I hear in my head the voice of some preacher saying, “You ought to knock on doors for evangelism.” I thought I shed that obligation a long time ago. I know I’ve been derogatory toward those who touted knocking on doors, considering them to be a little kooky, driven by fear or guilt (never mind that I used to be one of them. How hypocritical is that!) But I don’t know their hearts—for all I know, they could be more spiritual or passionate than I am about following God.

Hallway with doorsVisual:  I see an endless line of doors that need to be approached. It’s exhausting and the task is never complete. While walking down the hallway, there appears to be a large hand guiding mine, like I’m a child in training. I thought at first it was the preacher’s voice and hand on me, but now I see him standing to the side at a pulpit. The hand that guides me is that of The Father.

I erroneously compare myself to the famous out-front Christians who have great influence over many crowds of people. They’ve been entrusted with ten talents and have been faithful to use them. Bruce Wilkinson comes to mind. Billy Graham is another. Our faithful pastors as well. And then there’s little ol’ me with a very small sphere of influence. I think somehow I’m supposed to do their work.

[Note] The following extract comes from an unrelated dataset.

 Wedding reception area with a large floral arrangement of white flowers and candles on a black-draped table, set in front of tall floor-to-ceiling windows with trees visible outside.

I know all the right answers: be faithful with what God entrusts to you. I know that God has not created me with the temperament to spend massive amounts of time with people or in front of people—which is what I seem to equate with the highest rank of God-pleasers.

Here’s my bottom-line question: Is God pleased with me and my performance? I’m fully aware that character is far more important. That’s a given, and I work on that constantly. But I still need the question answered—am I doing enough? Enough for what?

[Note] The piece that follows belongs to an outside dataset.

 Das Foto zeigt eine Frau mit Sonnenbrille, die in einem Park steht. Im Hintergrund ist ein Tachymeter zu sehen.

I feel uneasy. Like I’m missing something. How do I know how many talents He’s given me? Yes, it’s His work through me. Yes, I must be obedient to His every command and instruction. No, I don’t have to have the big picture or understand everything God’s chosen for me to do. “Rest in Me,” He says, “and I will guide you. I will show you which door to walk through and when.”

HikeAnd the visual changes. “I’ll make the path for your feet,” He says, “and shed light on the stumbling stones. Just keep walking. I’ll tell you when to put down a stone or pick one up. I’ll let you know when it’s time to lend a helping hand to a fellow traveler, when to give away what’s in your hand, and when to keep walking. Sometimes you have to just keep plodding through the forest. The glen or open spaces are yet to come. Sometimes it’s okay to sit on a rock and rest and take a drink or eat. Doing is not always what’s best for you. Self-discipline is good, but listening to Me is better.”

And so, Heavenly Father, I give to You today my path. I trust You to guide me. Help me not to run ahead of You or lag behind. Give me the energy to keep up. I can walk in Your footsteps, unafraid of the dark and the animals nearby.

“Not enough,” “should,” and “ought-to” are not are not quantifiable concepts and don’t belong in God’s vocabulary for me.